FEATURED

What happens when there’s no connection?

In a refugee camp, a riot starts over the handout of winter clothing. Anger over the perceived unfair allocation of this aid has been simmering, and now the refugees are making their voices heard.

Nearby, Nina* watches on. She and five other charity workers are responsible for looking after around 5,000 children. With the riot growing in numbers, she gets ready to take the children to the designated safe space, away from danger. She feels prepared - she knows the procedure. But as she organises the group, she sees that the rioters are blocking her path. Plan A is no longer an option.

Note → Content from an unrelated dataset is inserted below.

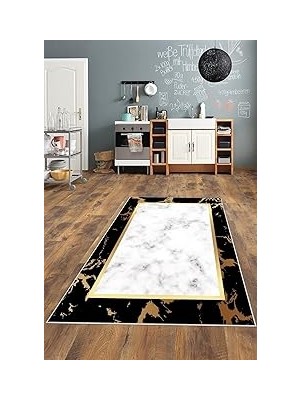 Belirtilmemiş Pelangi Beyaz Gök Temalı Gold Yıkanabilir Kaymaz Taban Tutmaz Salon Halısı Yolluk, B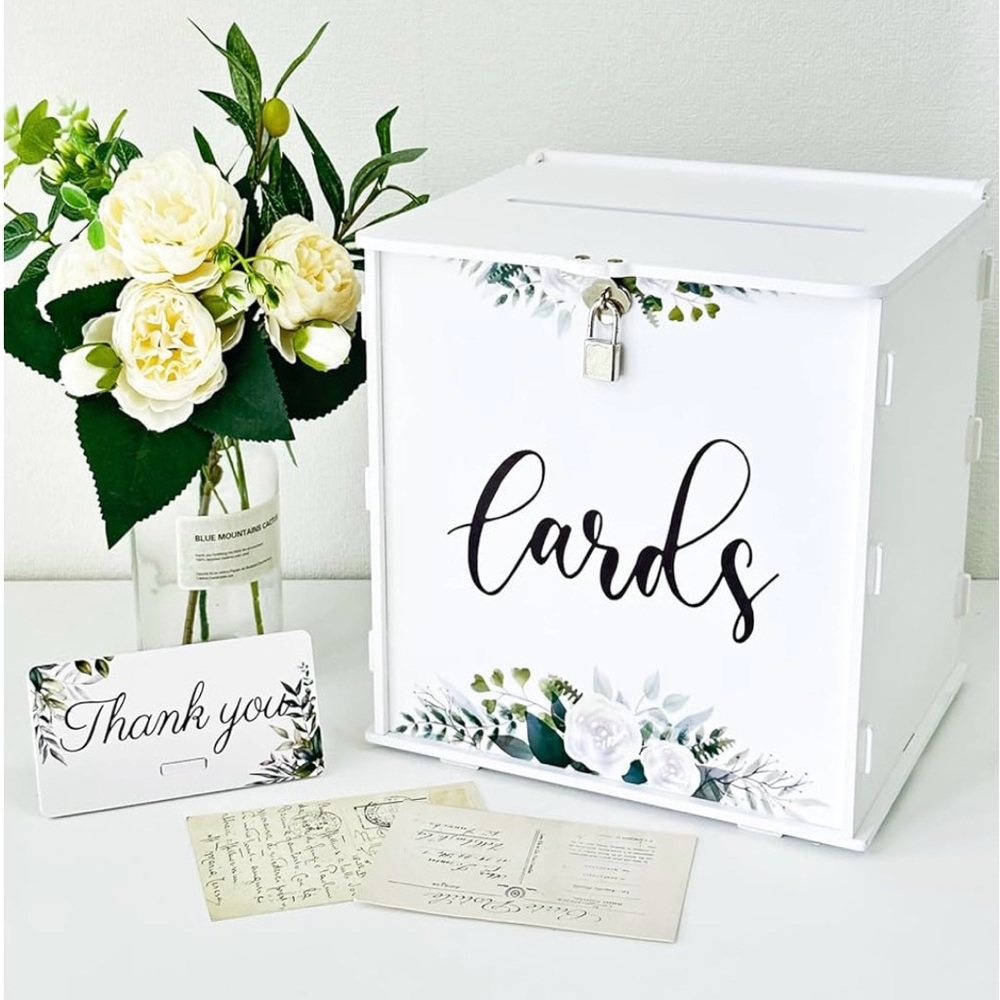White PVC  Card Box with Keyed Lock  NIB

She takes out her phone to contact her supervisor, to find out where she can safely take the children, but it is rendered useless. There is a total network blackout. No phone connection, no internet. No connection found.

“Imagine being in that position when you have to take care of all those people, but you cannot connect with anyone else, and you don’t know where’s a safe area to take them. I had my plan B and plan C, but what if that didn’t work? What if you had to call someone else, but you couldn’t get in contact with them?” Nina says.

The network shutdown doesn’t stop the riot - people are still angry. They are now just disorganised, unable to contact others within the camp. All the shutdown does is put the children in danger. The children are scared, but Nina shields them from news of the network shutdown. She hides her own fear, and distracts them with games of hide and seek.

Aside from this responsibility, she’s worried about something else. Her parents might have heard about the riot in the camp, and she has no way to tell them she’s safe. She’s trapped, with no contact to the outside world.

Around an hour and a half later, the connection comes back. They are told it was a network failure.

“I don’t believe it was. To happen at that moment, when the rioters were trying to reach more people…” She trails off. She has no proof this was a deliberate network shutdown, and with no journalists in the area there isn’t much she can do.

It’s dark, and Nina is still at work. She’s getting the last of the children safely back to their tents, thankful that no-one was physically hurt, and knowing the situation could have worsened if the network hadn’t come back.

*Nina isn’t this woman’s real name. We’ve changed it, because she can’t openly share her story. This is just one story of someone affected by an internet shutdown. There are millions more.